بخشی از مقاله (انگلیسی)

Abstract

This article explores a nexus between society, nature and technology (SNT) in the context of a biomedical problem-solution through innovation project for a new product development in the biopharmaceutical sector. The nexus implies that social intervention is an antecedent to and consequence of nature as a type of morbidity. The central proposition is that national morbidities are partially resulting of national institutions such as policy and culture, and the national institutions partially constitute the response to through industrialisation processes and cultural habits. Based on the data from China and India as two comparable socio-culture contexts, we draw on six types of national morbidities: diabetes, infections, cancer, hepatitis, respiratory dysfunction and hypertension. An analysis shows that diabetes and infectious diseases projects exist more in India; cancer, hepatitis and hypertension projects exist more in China; and contrary to prediction, respiratory dysfunction project appears more in India than China. There are some statistical differences between the North and South regions. The discussion explains the SNT nexus in a broader context suggests two types of interventions: preventive and curing. The preventive intervention comes before nature (morbidity), and the curing intervention occurs after the formation of morbidity. We suggest that preventive institutional intervention for education can be more effective than curing intervention. The prevention mechanism induces awareness; the curing mechanism induces treatment solutions. Our argument supports the social development as much as industrialisation, and not pure industrialisation alone.

Introduction

This study integrates three related streams of ideas on the social–nature coevolution.
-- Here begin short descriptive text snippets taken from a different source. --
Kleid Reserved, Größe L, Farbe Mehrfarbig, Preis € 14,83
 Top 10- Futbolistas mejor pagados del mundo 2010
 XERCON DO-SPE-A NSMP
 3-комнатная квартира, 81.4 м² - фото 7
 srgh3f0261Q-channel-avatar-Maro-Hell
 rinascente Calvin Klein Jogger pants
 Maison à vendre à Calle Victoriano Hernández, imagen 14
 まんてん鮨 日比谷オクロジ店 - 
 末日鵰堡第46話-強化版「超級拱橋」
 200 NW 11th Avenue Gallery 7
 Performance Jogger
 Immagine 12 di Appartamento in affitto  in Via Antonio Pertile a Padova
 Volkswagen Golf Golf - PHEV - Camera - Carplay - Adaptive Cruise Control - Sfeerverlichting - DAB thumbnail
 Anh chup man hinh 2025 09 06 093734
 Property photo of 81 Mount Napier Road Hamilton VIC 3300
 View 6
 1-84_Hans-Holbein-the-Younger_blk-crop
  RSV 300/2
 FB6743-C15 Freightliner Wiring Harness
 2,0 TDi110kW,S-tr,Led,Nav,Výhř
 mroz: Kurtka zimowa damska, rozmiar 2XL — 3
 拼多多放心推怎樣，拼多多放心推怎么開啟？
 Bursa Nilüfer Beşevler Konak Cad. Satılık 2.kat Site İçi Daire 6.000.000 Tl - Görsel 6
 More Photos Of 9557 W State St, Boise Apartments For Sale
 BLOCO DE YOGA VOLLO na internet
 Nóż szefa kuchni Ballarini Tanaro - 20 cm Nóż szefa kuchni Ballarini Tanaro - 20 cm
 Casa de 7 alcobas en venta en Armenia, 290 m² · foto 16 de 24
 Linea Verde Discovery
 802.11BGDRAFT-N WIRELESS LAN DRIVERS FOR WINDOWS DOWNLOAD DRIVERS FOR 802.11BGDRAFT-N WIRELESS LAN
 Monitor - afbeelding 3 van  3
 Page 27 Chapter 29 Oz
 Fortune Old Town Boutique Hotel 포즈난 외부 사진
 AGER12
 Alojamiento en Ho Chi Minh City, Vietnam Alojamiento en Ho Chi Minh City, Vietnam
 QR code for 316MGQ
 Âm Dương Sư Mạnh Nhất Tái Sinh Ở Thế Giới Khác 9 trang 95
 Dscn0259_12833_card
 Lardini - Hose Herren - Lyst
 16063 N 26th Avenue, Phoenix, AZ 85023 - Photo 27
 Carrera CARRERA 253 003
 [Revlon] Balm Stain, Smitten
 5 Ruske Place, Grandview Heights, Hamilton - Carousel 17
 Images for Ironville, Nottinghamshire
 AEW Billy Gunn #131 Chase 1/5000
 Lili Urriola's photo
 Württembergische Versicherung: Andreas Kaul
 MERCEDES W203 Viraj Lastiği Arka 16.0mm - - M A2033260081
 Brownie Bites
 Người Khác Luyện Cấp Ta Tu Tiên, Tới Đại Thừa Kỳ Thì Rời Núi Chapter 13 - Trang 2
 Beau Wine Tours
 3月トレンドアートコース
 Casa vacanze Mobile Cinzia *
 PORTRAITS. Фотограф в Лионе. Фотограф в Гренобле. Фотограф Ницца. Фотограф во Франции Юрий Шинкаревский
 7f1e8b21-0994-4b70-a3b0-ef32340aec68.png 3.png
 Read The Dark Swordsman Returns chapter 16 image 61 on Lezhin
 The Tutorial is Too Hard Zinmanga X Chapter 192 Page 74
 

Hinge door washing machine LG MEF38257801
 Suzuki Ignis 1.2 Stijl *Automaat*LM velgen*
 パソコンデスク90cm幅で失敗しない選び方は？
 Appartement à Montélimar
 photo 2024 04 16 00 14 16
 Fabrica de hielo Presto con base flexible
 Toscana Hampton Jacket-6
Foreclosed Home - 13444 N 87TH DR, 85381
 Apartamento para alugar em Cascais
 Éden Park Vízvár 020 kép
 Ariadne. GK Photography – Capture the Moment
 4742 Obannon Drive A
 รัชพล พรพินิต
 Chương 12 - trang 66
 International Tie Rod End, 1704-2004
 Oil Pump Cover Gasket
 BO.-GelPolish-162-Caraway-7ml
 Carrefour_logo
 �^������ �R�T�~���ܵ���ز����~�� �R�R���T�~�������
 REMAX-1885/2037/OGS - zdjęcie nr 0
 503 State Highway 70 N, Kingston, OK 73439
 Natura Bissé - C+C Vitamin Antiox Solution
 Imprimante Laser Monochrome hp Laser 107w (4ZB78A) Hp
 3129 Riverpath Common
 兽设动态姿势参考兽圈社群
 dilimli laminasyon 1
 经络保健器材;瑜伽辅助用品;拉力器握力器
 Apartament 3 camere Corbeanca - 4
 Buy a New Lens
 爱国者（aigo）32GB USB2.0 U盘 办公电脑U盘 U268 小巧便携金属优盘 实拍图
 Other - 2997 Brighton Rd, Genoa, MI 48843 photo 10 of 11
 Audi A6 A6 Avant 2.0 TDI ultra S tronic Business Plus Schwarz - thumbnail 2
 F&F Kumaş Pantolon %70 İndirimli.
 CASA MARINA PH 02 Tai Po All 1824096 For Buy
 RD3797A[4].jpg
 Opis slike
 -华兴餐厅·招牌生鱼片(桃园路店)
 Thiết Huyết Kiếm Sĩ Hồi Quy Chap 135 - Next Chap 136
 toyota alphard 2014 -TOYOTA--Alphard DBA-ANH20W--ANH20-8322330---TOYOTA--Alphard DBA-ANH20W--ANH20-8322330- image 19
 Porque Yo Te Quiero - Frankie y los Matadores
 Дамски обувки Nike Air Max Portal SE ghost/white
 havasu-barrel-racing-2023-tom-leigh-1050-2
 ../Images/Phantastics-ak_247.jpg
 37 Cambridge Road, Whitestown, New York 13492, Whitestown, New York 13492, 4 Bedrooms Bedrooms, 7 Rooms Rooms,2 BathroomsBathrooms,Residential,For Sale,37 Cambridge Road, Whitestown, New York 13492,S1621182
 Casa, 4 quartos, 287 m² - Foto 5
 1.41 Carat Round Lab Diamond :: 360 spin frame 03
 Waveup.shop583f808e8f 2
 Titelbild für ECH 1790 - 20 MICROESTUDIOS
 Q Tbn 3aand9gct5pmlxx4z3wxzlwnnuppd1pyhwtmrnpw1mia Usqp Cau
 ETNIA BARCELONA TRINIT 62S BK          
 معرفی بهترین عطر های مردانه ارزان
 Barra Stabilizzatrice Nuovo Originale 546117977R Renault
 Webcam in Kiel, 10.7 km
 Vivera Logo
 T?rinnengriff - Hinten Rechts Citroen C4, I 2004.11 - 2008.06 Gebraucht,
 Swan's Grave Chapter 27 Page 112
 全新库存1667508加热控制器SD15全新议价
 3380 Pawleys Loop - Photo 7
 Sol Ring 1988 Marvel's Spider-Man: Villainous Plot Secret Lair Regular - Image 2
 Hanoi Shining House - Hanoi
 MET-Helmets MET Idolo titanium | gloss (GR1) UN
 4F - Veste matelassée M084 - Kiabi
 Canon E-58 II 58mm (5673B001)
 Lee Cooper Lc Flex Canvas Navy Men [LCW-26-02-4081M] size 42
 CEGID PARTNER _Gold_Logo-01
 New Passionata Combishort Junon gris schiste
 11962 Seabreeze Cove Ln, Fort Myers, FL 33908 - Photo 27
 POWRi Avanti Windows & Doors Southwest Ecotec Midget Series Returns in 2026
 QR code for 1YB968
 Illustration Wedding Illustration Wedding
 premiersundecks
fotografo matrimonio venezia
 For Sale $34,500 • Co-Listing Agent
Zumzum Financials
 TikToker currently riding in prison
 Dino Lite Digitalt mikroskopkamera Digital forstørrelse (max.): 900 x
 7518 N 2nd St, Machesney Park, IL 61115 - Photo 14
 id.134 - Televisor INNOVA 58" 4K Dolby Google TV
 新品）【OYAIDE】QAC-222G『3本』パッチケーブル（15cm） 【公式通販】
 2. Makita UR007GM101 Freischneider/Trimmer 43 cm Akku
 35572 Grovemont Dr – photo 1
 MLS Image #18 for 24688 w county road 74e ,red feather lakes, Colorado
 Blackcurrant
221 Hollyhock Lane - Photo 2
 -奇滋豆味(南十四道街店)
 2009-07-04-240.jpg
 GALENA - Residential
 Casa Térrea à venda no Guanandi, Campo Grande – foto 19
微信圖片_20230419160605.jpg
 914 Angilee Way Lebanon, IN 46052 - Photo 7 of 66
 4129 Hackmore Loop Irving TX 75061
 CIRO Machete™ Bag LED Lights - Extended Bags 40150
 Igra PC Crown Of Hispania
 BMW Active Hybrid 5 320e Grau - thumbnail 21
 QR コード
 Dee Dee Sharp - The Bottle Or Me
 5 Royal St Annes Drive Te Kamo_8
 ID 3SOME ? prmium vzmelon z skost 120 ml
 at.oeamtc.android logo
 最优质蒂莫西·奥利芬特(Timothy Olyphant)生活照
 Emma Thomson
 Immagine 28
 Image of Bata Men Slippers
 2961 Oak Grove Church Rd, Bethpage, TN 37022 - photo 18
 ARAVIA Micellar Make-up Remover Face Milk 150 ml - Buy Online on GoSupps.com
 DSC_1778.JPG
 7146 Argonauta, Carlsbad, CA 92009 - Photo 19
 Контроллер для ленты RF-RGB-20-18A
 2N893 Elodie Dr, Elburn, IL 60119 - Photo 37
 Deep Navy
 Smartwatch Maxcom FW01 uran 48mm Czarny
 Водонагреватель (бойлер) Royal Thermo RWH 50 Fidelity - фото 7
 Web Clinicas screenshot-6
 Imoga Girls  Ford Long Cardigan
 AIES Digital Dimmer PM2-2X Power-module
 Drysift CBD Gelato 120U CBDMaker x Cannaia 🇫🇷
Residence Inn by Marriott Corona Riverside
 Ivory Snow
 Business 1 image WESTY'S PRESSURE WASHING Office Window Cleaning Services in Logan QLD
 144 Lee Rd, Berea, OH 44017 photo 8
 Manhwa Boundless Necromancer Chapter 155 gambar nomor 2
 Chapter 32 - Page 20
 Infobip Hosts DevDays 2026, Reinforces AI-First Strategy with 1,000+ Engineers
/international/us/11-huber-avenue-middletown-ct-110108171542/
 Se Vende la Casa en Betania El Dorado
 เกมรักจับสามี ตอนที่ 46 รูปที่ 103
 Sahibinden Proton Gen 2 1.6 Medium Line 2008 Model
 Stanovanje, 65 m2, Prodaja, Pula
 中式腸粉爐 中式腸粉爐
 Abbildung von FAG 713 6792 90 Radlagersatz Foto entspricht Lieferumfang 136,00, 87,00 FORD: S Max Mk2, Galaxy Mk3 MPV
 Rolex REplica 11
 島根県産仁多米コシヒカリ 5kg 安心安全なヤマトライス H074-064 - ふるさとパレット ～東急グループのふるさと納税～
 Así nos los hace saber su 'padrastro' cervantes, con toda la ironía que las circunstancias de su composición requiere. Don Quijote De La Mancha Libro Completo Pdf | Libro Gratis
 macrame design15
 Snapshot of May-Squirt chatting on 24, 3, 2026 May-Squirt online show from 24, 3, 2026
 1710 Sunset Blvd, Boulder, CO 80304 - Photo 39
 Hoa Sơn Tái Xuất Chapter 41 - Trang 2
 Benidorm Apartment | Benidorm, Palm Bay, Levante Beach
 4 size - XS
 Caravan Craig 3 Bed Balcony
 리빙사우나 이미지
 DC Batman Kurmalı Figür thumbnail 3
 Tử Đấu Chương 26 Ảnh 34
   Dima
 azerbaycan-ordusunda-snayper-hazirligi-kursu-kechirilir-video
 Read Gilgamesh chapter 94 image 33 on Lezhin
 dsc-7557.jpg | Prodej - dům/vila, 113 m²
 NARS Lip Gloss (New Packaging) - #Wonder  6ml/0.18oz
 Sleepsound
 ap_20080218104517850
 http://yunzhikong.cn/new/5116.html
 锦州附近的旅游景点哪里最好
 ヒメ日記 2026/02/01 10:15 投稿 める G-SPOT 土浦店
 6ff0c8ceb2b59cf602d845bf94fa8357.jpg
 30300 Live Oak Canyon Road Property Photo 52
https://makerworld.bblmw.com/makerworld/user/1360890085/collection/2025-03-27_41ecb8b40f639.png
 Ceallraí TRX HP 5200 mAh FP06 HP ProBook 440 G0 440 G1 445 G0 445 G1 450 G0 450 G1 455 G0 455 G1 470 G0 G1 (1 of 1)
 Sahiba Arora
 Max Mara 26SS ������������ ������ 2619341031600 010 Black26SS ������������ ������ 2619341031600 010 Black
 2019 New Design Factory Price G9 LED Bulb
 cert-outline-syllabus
One stream suggests that national institutions intervene in biological morbidity and predict its change in the cycle. The industrial policies and cultural habits leading to environmental changes are in this stream. The second stream suggests that nature shapes the social–technological response. For example, the industrial policy in the biomedical sector and cultural responses that allow research and development in the process. National morbidity, such as cancer as an instance of nature, has roots in social institutions and attracts social intervention in the form of technological solutions (Spilg et al., 2012). The third stream represents the national institution as a cause and consequence of the changes in the natural phenomenon (Malik, 2017a, 2017b). Appendix A depicts these links at a coevolutionary level in an abstract idea. We call this integrated theme the society–nature–technology (SNT) nexus. This triadic relationship in the framework projects cultural motion as a predictor, national morbidity as its results, and social–technological response as the cultural evolution in the triad in integration (Dawkins, 1989). The SN (society–nature) dyad predicts that human action alters morbidity in coevolution. Global warming through CO2 emissions captures the SN relationship. Industrialisation causes pollution–lead national morbidities (Lancet, 2017). Similarly, tobacco smoking, as a memetic social habit, leads to cancer morbidities (Czerwinski et al., 2007; de Walque, 2010; Hirayama, 1981). Excessive raw sugar consumption, as a cultural and ritual practice, leads to diabetes (Bhattacharya, 2015; King et al., 1998; Nicolaisen, 2009).